▶ **Assignment**
The lines below from the one with "スタイラスペンを使ってiPa" up to and including the one with "My Wholesale Warehouse" are what you should set down, exactly and without pictures.

▶ **Data for processing**
---------------

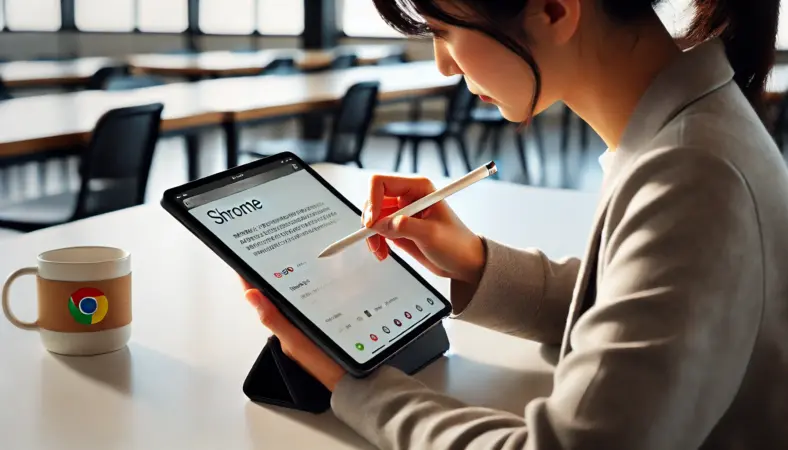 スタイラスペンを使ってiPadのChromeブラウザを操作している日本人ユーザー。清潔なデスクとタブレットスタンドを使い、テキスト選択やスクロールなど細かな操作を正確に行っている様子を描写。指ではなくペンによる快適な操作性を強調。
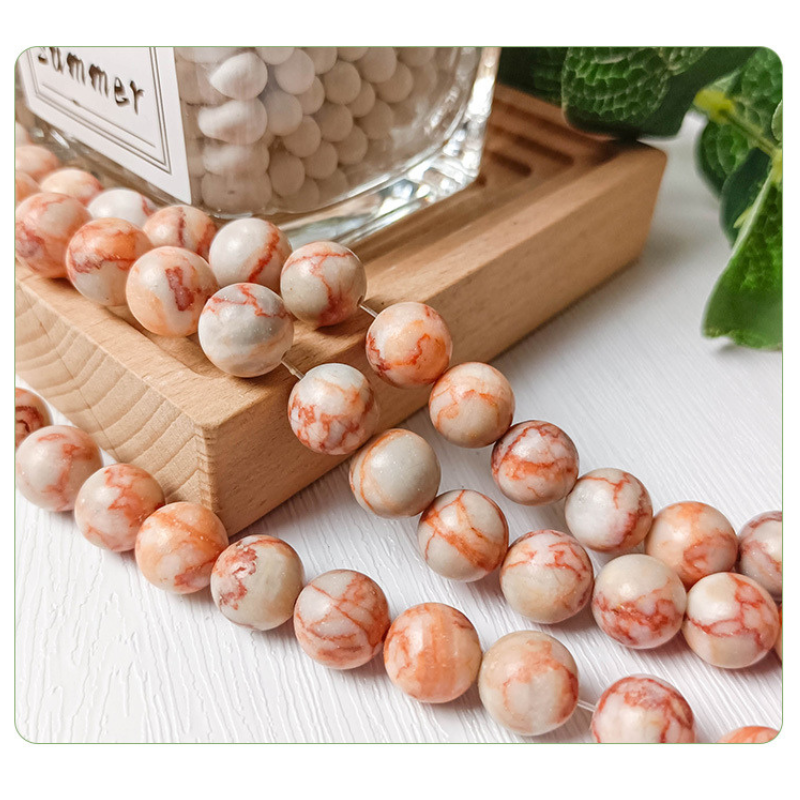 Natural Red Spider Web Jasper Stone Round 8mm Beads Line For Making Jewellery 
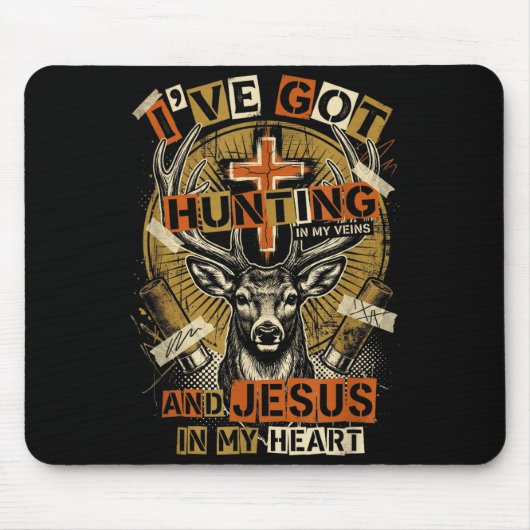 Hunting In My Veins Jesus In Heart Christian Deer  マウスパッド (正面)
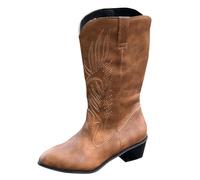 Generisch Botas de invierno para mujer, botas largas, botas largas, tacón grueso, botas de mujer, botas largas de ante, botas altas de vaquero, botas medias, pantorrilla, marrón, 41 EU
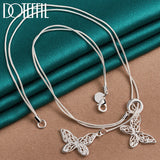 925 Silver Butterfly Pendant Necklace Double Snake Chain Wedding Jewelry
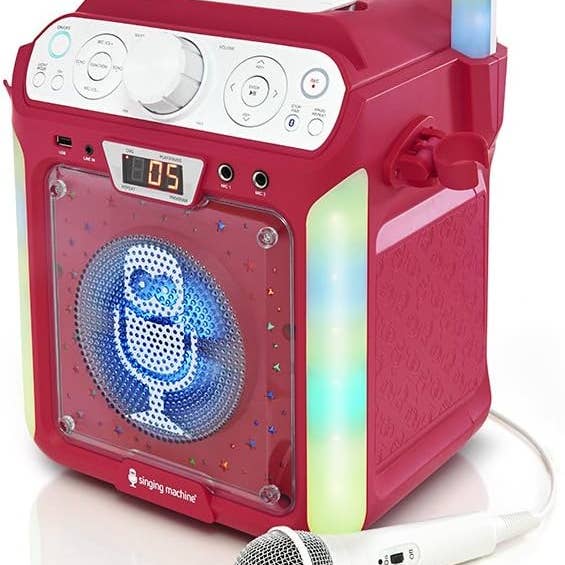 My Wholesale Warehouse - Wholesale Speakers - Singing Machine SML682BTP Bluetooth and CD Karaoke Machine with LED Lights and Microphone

---------------

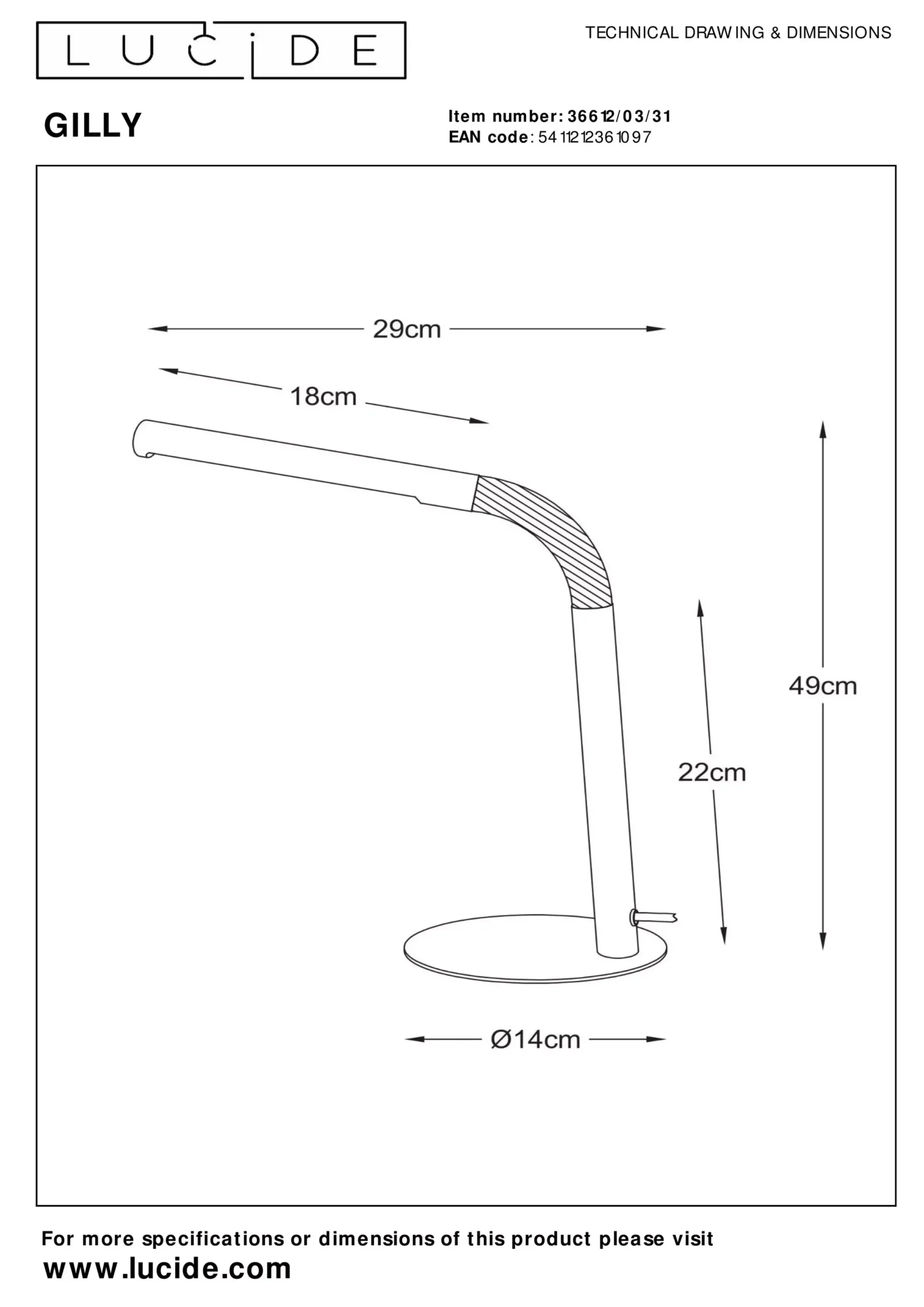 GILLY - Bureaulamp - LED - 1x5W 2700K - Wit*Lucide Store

---------------

▶ **Response to the task**
 スタイラスペンを使ってiPadのChromeブラウザを操作している日本人ユーザー。清潔なデスクとタブレットスタンドを使い、テキスト選択やスクロールなど細かな操作を正確に行っている様子を描写。指ではなくペンによる快適な操作性を強調。
 Natural Red Spider Web Jasper Stone Round 8mm Beads Line For Making Jewellery 
 Hunting In My Veins Jesus In Heart Christian Deer  マウスパッド (正面)
 Generisch Botas de invierno para mujer, botas largas, botas largas, tacón grueso, botas de mujer, botas largas de ante, botas altas de vaquero, botas medias, pantorrilla, marrón, 41 EU
 925 Silver Butterfly Pendant Necklace Double Snake Chain Wedding Jewelry
 My Wholesale Warehouse - Wholesale Speakers - Singing Machine SML682BTP Bluetooth and CD Karaoke Machine with LED Lights and Microphone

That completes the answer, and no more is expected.